People with the mindset and knowledge base developed in successful business careers see the world from a different, and wrong, in my opinion, perspective. The federal government is the ultimate service industry that should never make a “profit” and is most successful when it is least fiscally efficient. Those who are conditioned by their experience leading a profitable business, an efficient city, or a state government never seem to grasp the differences between those entities and the federal government in our economy.
Every dollar spent by the federal government is a brand new dollar created as someone’s asset in the private sector. The one thing your business experience should have prepared you for is understanding dual entry spreadsheet accounting and sectoral balances. Such an understanding would impart the knowledge of the impossibility of taxation as “funding” for federal spending. Ditto for “borrowing” by the monopoly issuer of the nation’s currency. Every dollar collected by any means by our federal government is destroyed by the debt that created it upon its entry into the government sector, and therefore CANNOT survive to fund anything.
It is simply not possible to effectively manage the federal budget process if one views the spending for the public good as a “cost” to the economy and not the “source” of dollars that it is. We would be better off with the limitations of the gold standard that, at least, allowed the value of our gold reserve in our economy without it being vilified as a debt that must be paid off. Our current and longstanding approach to spending at the federal level, while suited to any entities that are not the federal government, simply cannot effectively provide the level of funding necessary to solve climate change, or any of our many problems that could be mitigated by more money.

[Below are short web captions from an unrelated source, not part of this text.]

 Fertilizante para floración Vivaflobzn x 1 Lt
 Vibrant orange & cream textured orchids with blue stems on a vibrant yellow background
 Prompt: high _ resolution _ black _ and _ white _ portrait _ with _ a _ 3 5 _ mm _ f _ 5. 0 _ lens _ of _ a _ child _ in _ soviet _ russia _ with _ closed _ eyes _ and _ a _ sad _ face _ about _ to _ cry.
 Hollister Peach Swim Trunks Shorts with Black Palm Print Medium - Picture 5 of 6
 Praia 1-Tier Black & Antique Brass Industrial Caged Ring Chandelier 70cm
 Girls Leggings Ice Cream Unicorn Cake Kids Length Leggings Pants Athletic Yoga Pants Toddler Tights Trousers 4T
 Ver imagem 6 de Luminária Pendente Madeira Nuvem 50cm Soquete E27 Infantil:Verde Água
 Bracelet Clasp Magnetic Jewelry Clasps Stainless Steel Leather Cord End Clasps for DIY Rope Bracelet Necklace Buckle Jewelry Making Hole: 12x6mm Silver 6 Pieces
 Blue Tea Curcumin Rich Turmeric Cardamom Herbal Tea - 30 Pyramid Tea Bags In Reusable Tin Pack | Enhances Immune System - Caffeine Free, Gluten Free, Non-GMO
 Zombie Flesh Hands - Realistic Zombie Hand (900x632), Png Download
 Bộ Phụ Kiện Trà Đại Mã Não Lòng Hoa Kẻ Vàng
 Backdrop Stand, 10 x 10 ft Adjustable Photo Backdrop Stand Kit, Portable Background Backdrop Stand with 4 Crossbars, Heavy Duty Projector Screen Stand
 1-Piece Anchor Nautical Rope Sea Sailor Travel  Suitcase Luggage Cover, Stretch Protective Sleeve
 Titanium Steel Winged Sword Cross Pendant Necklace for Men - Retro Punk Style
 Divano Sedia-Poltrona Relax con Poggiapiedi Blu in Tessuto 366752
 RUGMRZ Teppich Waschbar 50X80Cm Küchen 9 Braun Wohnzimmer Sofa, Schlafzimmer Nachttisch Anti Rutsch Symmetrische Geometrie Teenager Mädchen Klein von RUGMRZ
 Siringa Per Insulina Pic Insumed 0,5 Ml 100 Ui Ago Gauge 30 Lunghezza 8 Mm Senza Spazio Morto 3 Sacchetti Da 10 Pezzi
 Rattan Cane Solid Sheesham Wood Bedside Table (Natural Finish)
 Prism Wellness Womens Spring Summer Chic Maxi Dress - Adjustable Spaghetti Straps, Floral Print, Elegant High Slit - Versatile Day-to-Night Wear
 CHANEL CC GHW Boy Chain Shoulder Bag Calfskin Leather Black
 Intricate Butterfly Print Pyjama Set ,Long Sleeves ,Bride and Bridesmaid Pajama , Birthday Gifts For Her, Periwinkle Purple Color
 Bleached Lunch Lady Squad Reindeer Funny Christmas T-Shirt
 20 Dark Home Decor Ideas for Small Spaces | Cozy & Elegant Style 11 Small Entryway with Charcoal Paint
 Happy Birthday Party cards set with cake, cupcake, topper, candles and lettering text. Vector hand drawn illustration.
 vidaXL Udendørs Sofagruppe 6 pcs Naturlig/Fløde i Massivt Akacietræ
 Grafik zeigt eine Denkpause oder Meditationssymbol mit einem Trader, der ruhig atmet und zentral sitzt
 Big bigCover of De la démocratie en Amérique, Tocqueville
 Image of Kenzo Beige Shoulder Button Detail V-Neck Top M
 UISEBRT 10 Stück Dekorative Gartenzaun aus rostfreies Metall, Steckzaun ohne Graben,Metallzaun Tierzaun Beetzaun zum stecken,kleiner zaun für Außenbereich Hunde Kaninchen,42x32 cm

Only by understanding that such problems exist as political decisions, not economics can they ever be properly addressed. It is exactly your successes that would prevent me from voting for you. When a politician in a federal capacity asks “How will we pay for it?” in connection to spending for the common welfare the only right answer is “By seeing to your defeat by another who will never ask that question”. This has never been truer than now as we face choices that will determine our very existence as a species on this earth.